WORK REQUEST: Set down, exactly and with nothing added, the lines running from the one that holds "Bruna Calci (Milano" to the final line of the records. Pictures stay out of the copy.

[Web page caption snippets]
┌──

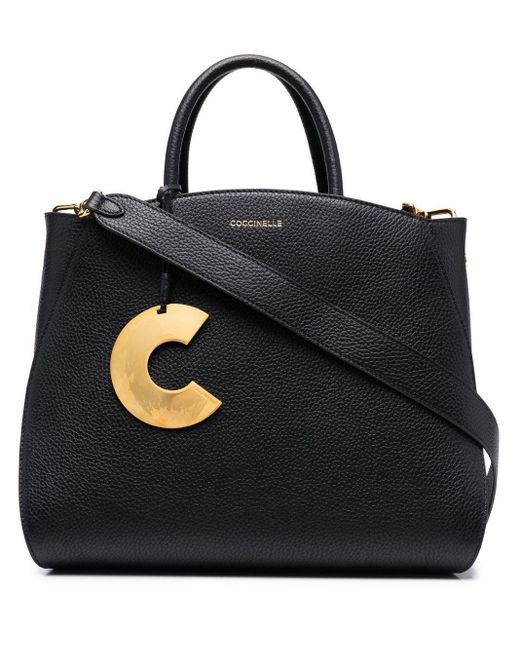 Coccinelle Black Logo-charm Leather Tote Bag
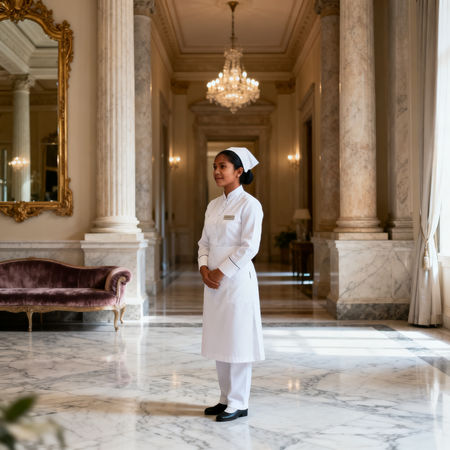 Migliore agenzia domestici Milano - lavoratrice domestica asiatica in uniforme elegante dentro villa di lusso a Milano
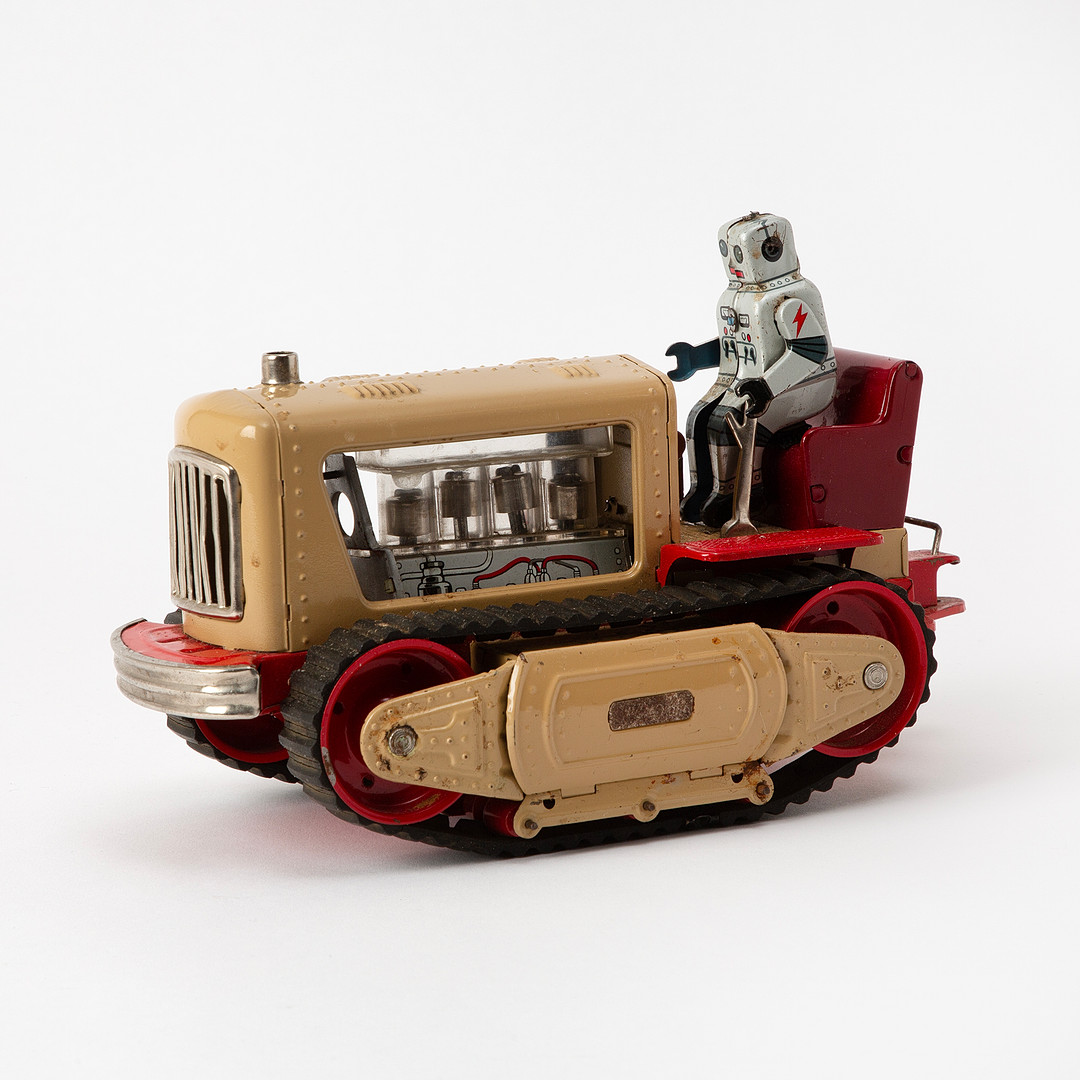 NOMURA, "Robot Tractor", lackerad plåt, Japan, 1950-tal.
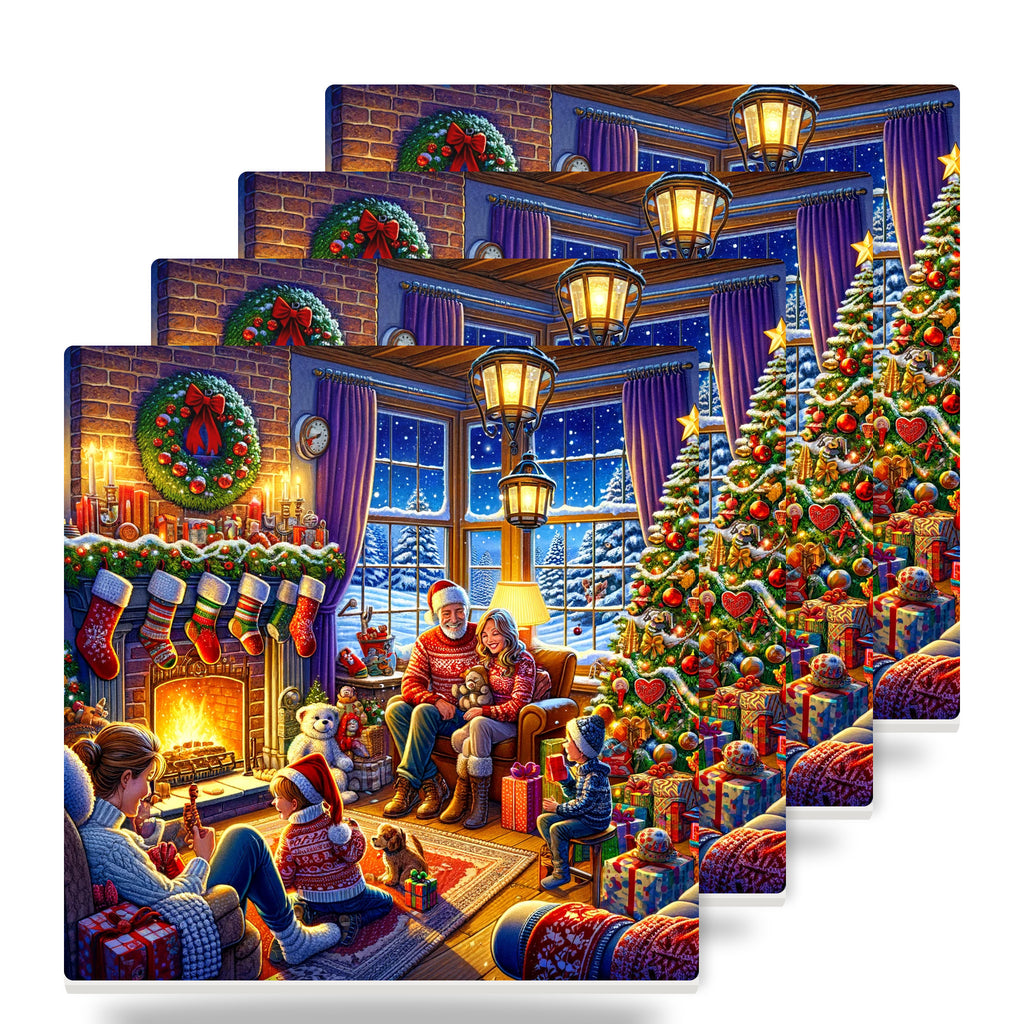 Cozy Christmas Hearth ceramic coasters set of 4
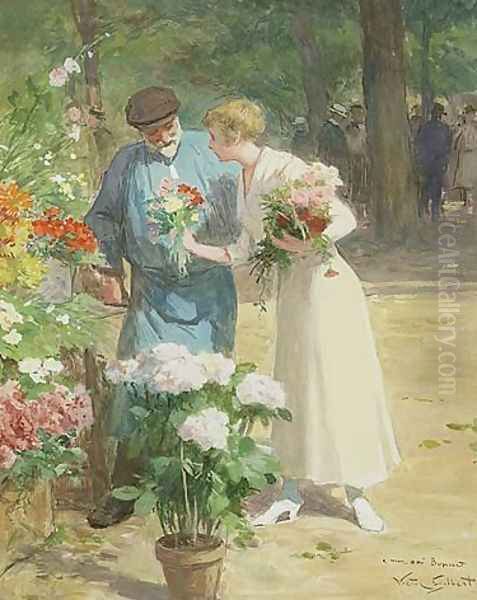 Marché aux Fleurs Oil Painting by Victor-Gabriel Gilbert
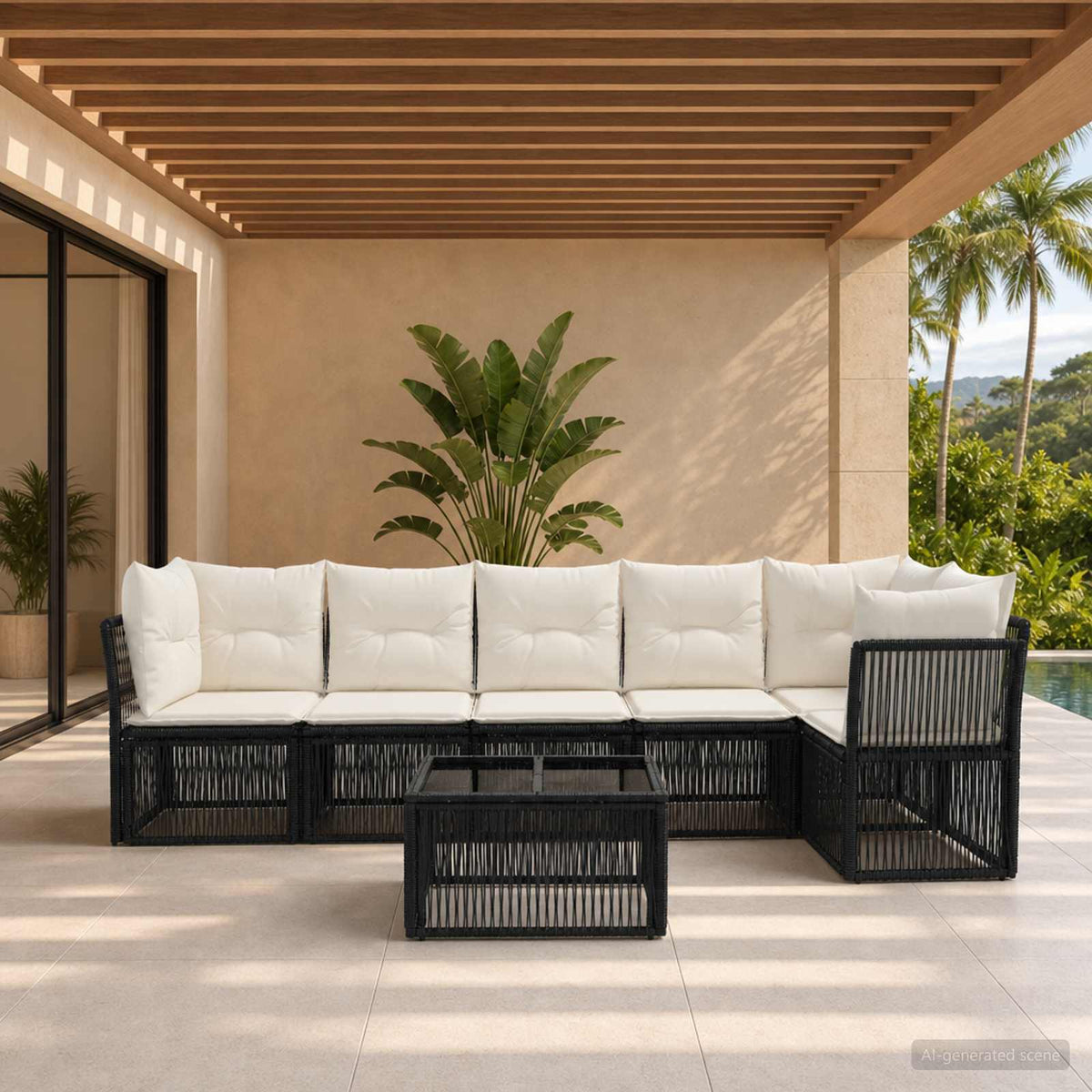Tuinbankenset 7 pcs Zwart poly rattan is nu te koop bij PeponiXL, paradijselijk wonen!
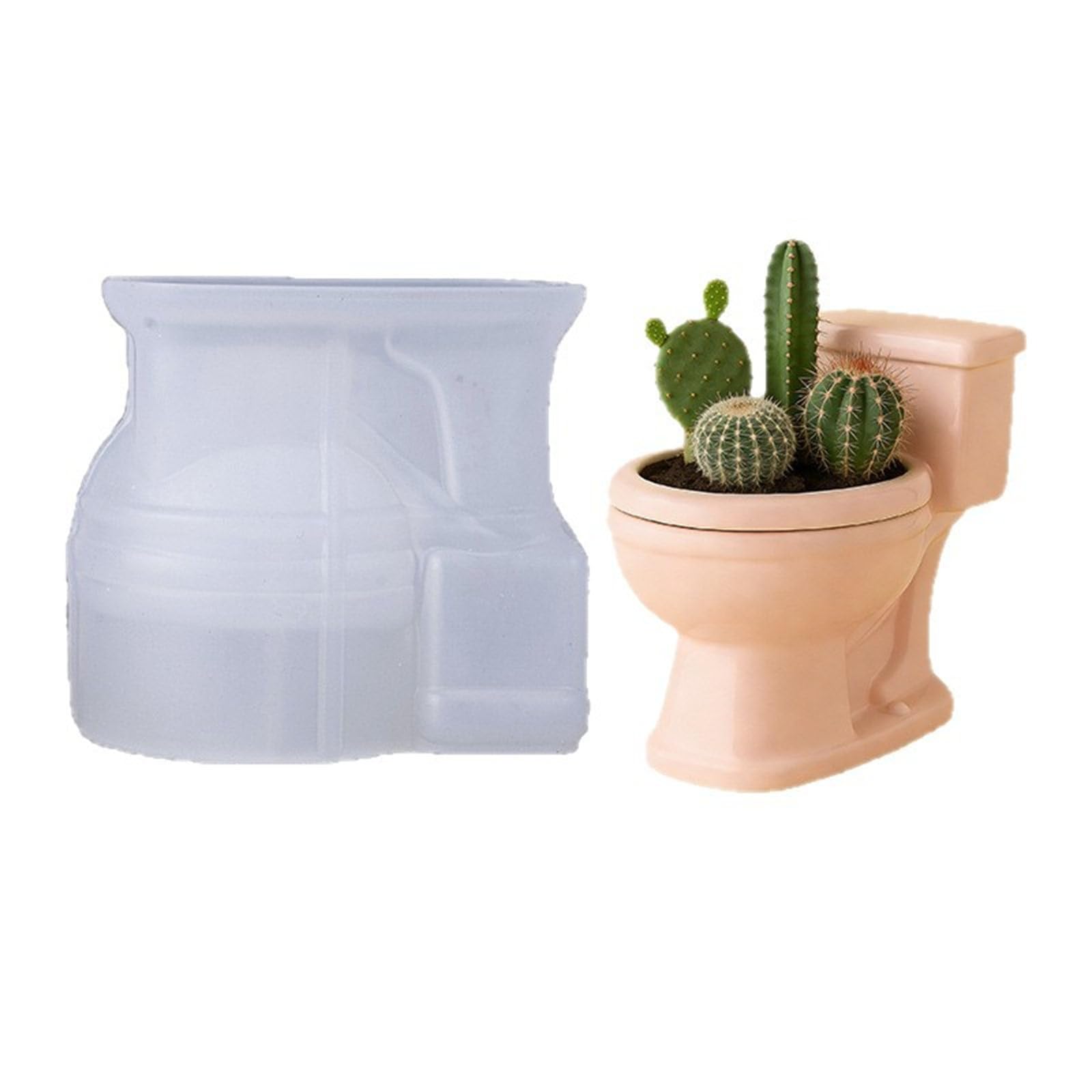 NEWFT Creative Silicone Toilet Mold Perfect For Crafting Cement Planter And Decorative Resin Container Plant Pots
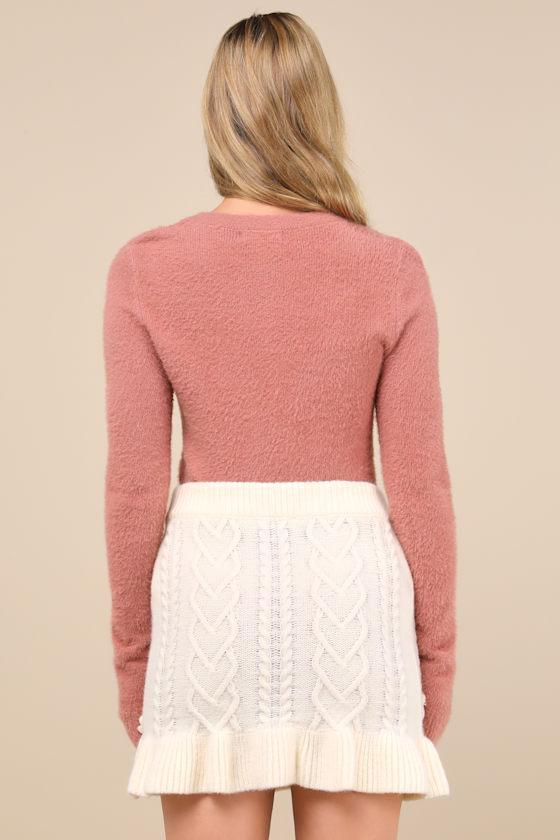 Maeve Cream Knit 3D Floral Applique Mini Skirt Product Image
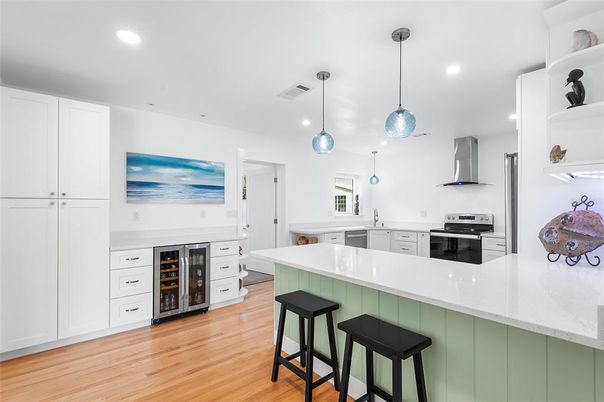 Interior, Kitchen, Pendant Lights, Recessed Lighting, Stainless Steel Appliances, Wood Texture Flooring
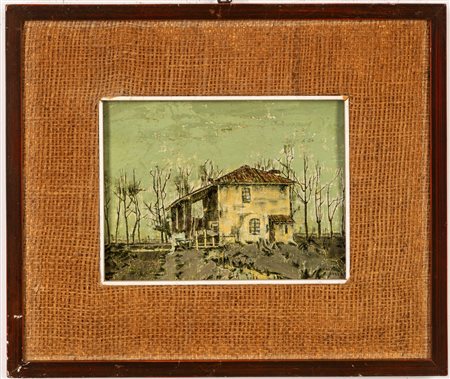 Bruna Calci (Milano 1911 - 1993)  - La cascina sul ruscello, 1968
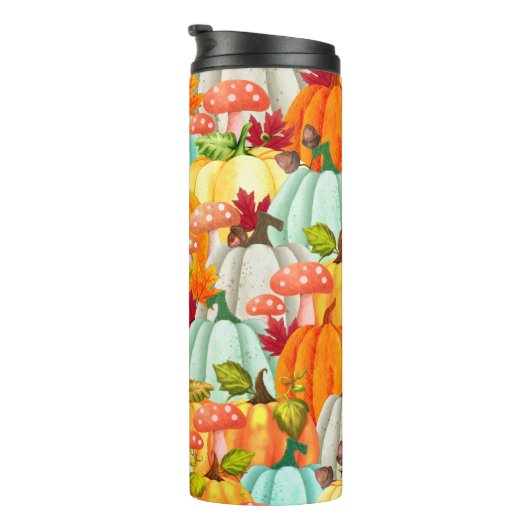Fun Pumpkins Pilze und Herbstlaub Thermosbecher (Nach rechts gedreht)
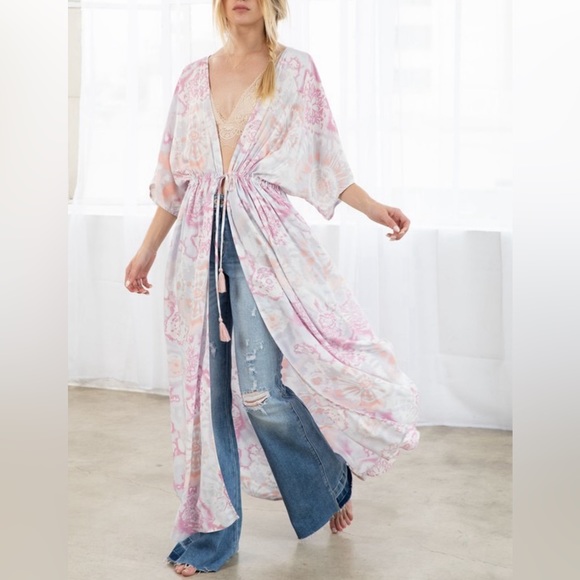 Floral Tie Dye Bohemian Kaftan - Picture 3 of 3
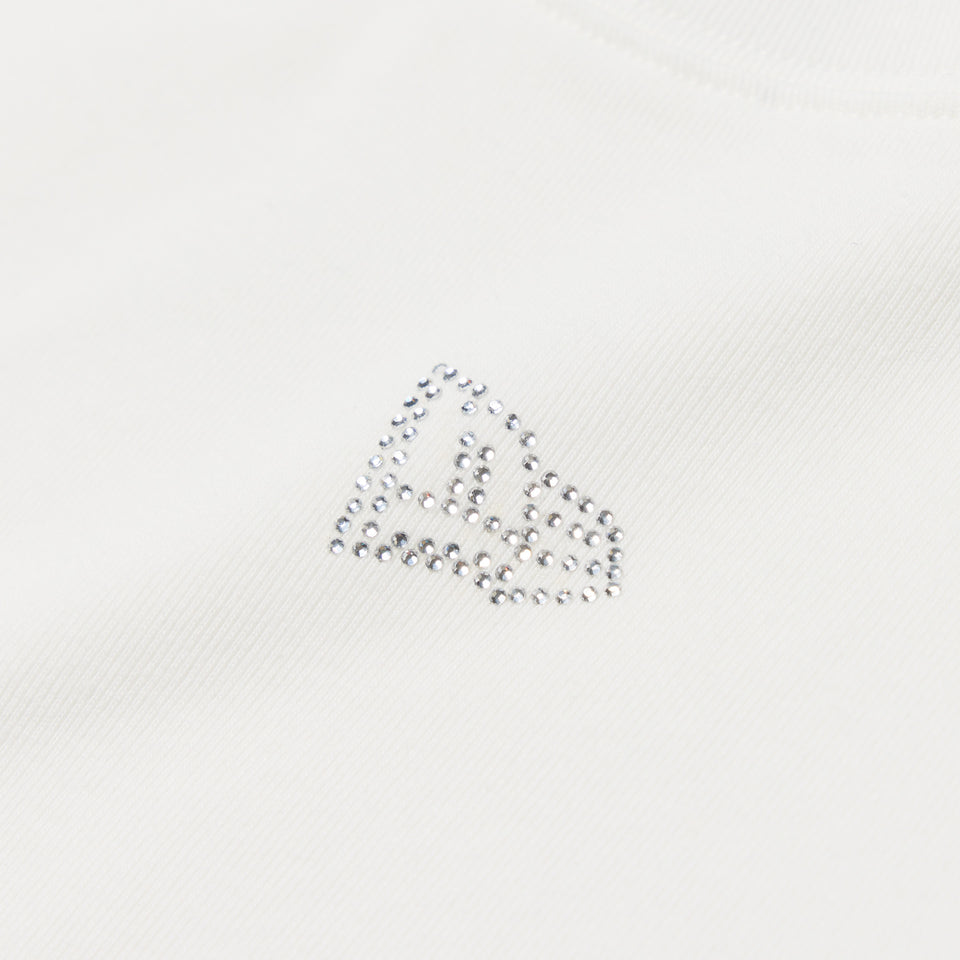 Women's 長袖 クロップド Tシャツ Rhinestone ラインストーン フラッグロゴ オフホワイト | NEW ERA ニューエラ公式オンラインストア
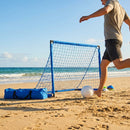 Beach football goal with fluorescent net and aluminium frame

└──

THE COMPLETED TASK:
 Bruna Calci (Milano 1911 - 1993)  - La cascina sul ruscello, 1968
Fun Pumpkins Pilze und Herbstlaub Thermosbecher (Nach rechts gedreht)
 Floral Tie Dye Bohemian Kaftan - Picture 3 of 3
 Women's 長袖 クロップド Tシャツ Rhinestone ラインストーン フラッグロゴ オフホワイト | NEW ERA ニューエラ公式オンラインストア
 Beach football goal with fluorescent net and aluminium frame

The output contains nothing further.